One of the aspects of this case that might be indicative of a more lenient outcome from a trial by jury is the defendant’s age. While subjecting his fate to the decision of only one individual in the case of a trial where the judge ultimately determines his sentence, relinquishing one’s fate instead to a jury of twelve of the defendant’s peers would likely have garnered a far less severe sentence. Not only is it likely that the jury might have taken pity on a seventeen-year-old Richard, but it is also equally unlikely that all twelve jurors would have unanimously arrived at the decision to impose such a lengthy prison sentence for a misguided, albeit disturbed, minor.
Furthermore, in a trial by jury, both prosecutors and criminal defense attorneys have the right to objectively shape the composition of the jury. Within reason, attorneys on either side of the argument have the “right to a peremptory challenge—to reject a potential juror without stating a reason,” (Linton, 2013). Of course, such requests may never be the result of biases towards or against a specific race or gender, but they serve their purpose nonetheless. As such, it is reasonable to assert that a competent and ethical attorney would use this legal ploy to the advantage of his client, at least within the boundaries of the law. However, with this in mind, it is important to note that any perceived benefit from the selection process of this type of trial is contingent in large part on the argumentative skill of the attorney.

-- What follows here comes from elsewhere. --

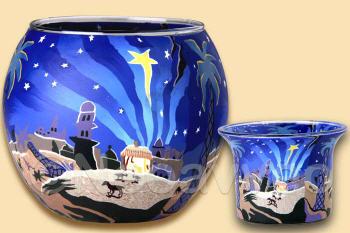 Bethlehem ist nach �berlieferter Geschichte der Geburtsort von Jesus Christus. N�chtliche Darstellung mit gro�em, leuchtendem Stern von Bethlehem am Himmel. Leuchtglas 11cm und Teelichtglas und Votivglas von Kerzenfarm Hahn.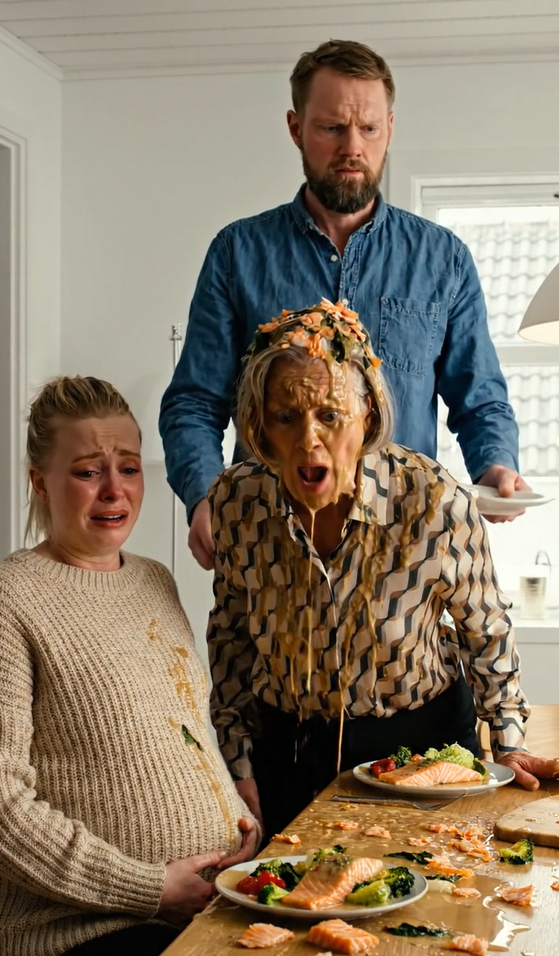 De sagde, at jeg bragte uheld ind i deres familie. Da jeg fandt ud af, at jeg var gravid, troede jeg, at alt ville ændre sig. Jeg troede, at de endelig ville smile til mig, endelig kalde mig “svigerdatter” uden afsky. Men ved middagen hamrede min svigermor sine spisepinde ned og hvæsede: “Det barn vil også ødelægge os.” Jeg frøs til – indtil min mand rejste sig. “Sig et ord mere om min kone eller min baby,” sagde han koldt, “og du mister mig for evigt.” Jeg troede, han var mit eneste sikre sted … indtil den nat, jeg hørte ham hviske bag døren. – Sande historier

It is indeed the responsibility of the attorney to not only argue in the defense of his client but also that he structure his argument in lieu of the characteristics of the jury. Of paramount importance to success is that an attorney “preparing for trial…look beyond the four corners of the agreement by contemplating how jurors will see the case from a more global perspective of fairness” (McCabe, 2013). A related concept here, further explicated in McCabe’s 2013 article, applies to the strategy with which attorneys combat situations that are, for lack of a better term, a matter of being unlucky in the courtroom, as in the following example:
“For instance, a judge may instruct jurors that the defendant is not legally obligated to disclose certain information to the customer. However, jurors may perceive this information to be useful to the plaintiff and the failure to disclose it as a violation of “fair play”. In this case, the violation is one of distributive justice in that the defendant presumably gained from the non-disclosure. It is then possible that this perception will influence the jurors’ decision calculation, despite the admonition” and ultimately lead to a wrongful conviction (p. 8).
Such situations are not at all uncommon in courtrooms today, and in fact, it is much more likely than not that attorneys from both sides will find themselves in predicaments much like this. However, considering such situations as opportunistic rather than detrimental, Richard’s lawyer could certainly have constructed an argument to not only convince the jury of imposing a lesser sentence, but one to potentially acquit him entirely.
One cannot say with certainty whether a jury might have been the best option for a young Richard, but there are certainly elements of the trial-by-jury process that suggest a lesser sentence was reasonably ascertainable. Given the jury’s perception of the defendant’s situation and the specifics of the crime, as well as some of the advantages granted attorneys during the selection process, it seems probable that a jury would have been the ideal ‘trier of fact’ for this case.
Linton, C. (2013). We the jury. Newsweek Global, 161(22), 1.
McCabe, J. G. (2013). Who's the fairest of them all?. Of Counsel, 32(1), 5-9.